In part, Bergman was concerned that the 1961 film about a mentally disturbed young woman and her family was dated and the characters flawed. Higgie wrote back to him that “Macbeth” and “Hamlet” were also flawed and that “incest and the relationships between a daughter, brother, husband and father will never be dated.” Obviously, Higgie won that argument. “If not, I had 10 handwritten letters from Ingmar Bergman!” he adds.

Worton’s adaptation of “Glass” was first performed in a reading last summer in Stockholm at the inaugural Ingmar Bergman Intl. Theater Festival, along with a Dutch-language “Cries and Whispers.”

Regarding her work on “Glass,” Worton found the Bergman Foundation and Weinberger “very trusting. The intention behind (the adaptation) was to stick to the essence of the film. It is not seeking to do something different.
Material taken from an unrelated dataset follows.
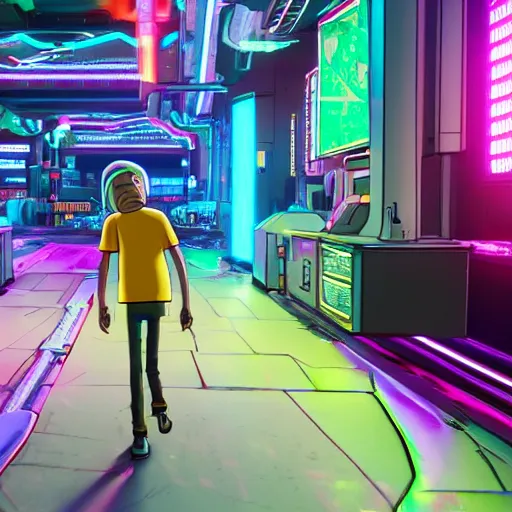 Prompt: Rick and Morty in cyberpunk 2077 unreal engine 5 8k hyperdetailed photorealism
They’ve been very free about it, and haven’t sought approval of final draft.”

Perhaps because Moon started with Weinberger, and not Bergman himself, the adaptation process has been more controlled. “Things could be cut and removed, but nothing could be added. Not a single word,” says Moon, who relied on his wife, Anna Lerbom, to translate the script into English. Lerbom grew up on the island of Faro, Sweden, where Bergman resided, and which is the setting of “Through a Glass Darkly.”

“The Devil’s Eye,” released in 1960, is one of Bergman’s rare comedies, about Don Juan’s encounter with a virgin. Much to Moon’s delight, the screenplay contains 15 pages of dialogue not included in the finished film version. “So much of the text never made it into the film. So many of the Bergman silences that involve closeups of these wonderful expressive faces are filled with dialogue that was written and perhaps rehearsed but not filmed.”

The legit interest in Bergman TV and film scripts tends to be focused on his talkier, less visually expansive works. Then again, after its amateur Cardiff production, “The Seventh Seal” will soon receive another staging, this time in Vladivostock, Siberia.

“It’s that part of Russia that Sarah Palin can see from Alaska,” jokes Callahan.

One major Bergman restriction remains even after his death. While the teleplays and screenplays may be adapted to the stage, they can never be filmed again.